Pour conclure, je définis l’athéophobie laïque comme une attitude qui consiste à confondre athéisme et extrême intolérance, ou à supposer que le public fera nécessairement cette confusion et que, par conséquent, au lieu de lutter contre ce préjugé, on s’y plie en obligeant les athées à rester invisibles et silencieux, du moins au sein des mouvements militant pour la laïcité. Pourtant, ces mouvements sont des alliances entre croyants modérés et incroyants, poursuivant un but commun, et il n’y a aucune raison de cacher l’identité des divers partenaires.
L’athéophobie laïque est une attitude arriérée et rétrograde, une stratégie perdante, véhiculée par des individus qui sont incapables de comprendre – ou refusent de comprendre – que la critique des religions et la défense de la liberté de conscience (incluant la liberté de religion) doivent se faire simultanément. Ces deux tâches ne sont pas incompatibles ; au contraire, elles sont complémentaires, car la plus grande menace pour la liberté de religion est justement la religion, sous ses formes intégristes et extrémistes.
L’invisibilité des athées et de l’athéisme ne fait que favoriser la peur de ceux-ci. Tout le monde, y compris les ennemis de la laïcité, sait que bon nombre des militants laïques sont athées. Essayer de nier cette évidence ne fait que discréditer les militants laïques en nourrissant des soupçons d’un programme draconien caché. L’ouverture et la transparence sont à préférer. La visibilité et la franchise des athées favorisent la laïcité.
Liens
- « Athéophobie, Un préjugé multimillénaire », David Rand
- « Les rapports entre athéisme et laïcité », David Rand, conférence présentée au colloque « Religion, laïcité et État de droit », Beyrouth, Liban, 13-14 avril 2012
Voilà un texte auquel j’adhère entièrement, dans les moindres détails. Dans ma quête à rechercher sans cesse l’expression la plus simple, sans être simpliste, de nos idées, il me semble que le passage des quatre phrases suivantes ne peut que susciter l’adhésion.

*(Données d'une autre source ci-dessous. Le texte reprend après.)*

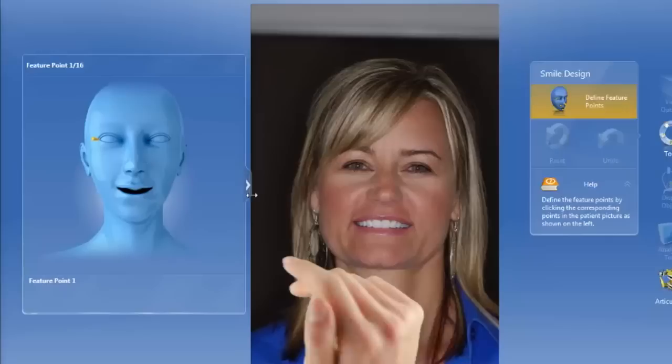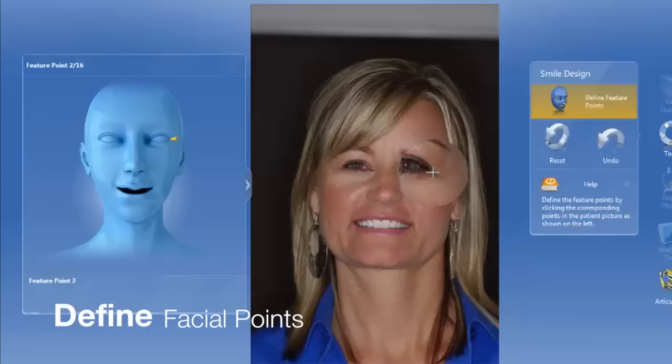We're going to use the new smile design feature to make some prepless veneers for a patient of mine. The first thing we do is take a two-dimensional image of them in a nice smile picture.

• » En réalité, la laïcité et l’athéisme ont en commun la non-reconnaissance de la volonté dite « divine ». La laïcité est à la gouvernance de l’État ce qu’est l’athéisme à la morale de l’individu.[2] Un État laïque fonctionne sans référence ni aux dieux ni aux phénomènes surnaturels, c’est-à-dire que ses lois et ses règlements doivent se baser sur la science, la raison, le monde réel et matériel, sans référence à l’« au-delà ». De la même manière, la morale de l’individu athée se base sur des considérations humaines et naturelles, et non surnaturelles. »
• Et pour justifier la première assertion, si besoin est, pourquoi pas cette petite démonstration, que certains trouveront primaire mais que je juge suffisante :
– Agir en laïque (Etat ou individu) nécessite de se démarquer de toute religion et de toute référence au surnaturel. Cette évidence force à agir comme si l’on était sans dieu (athée) et matérialiste.
• J’ajouterai que, pour les religieux, c’est se soumettre, obéir et convenir que l’athéisme et le matérialisme sont des visions « supérieures » à leur croyance, puisque c’est momentanément renier sa foi ou au-moins son identité. Impossible à obtenir définitivement des religieux sans contrainte, même si c’est par l’assurance de la Paix entre les citoyens. La vigilance s’impose donc continuellement.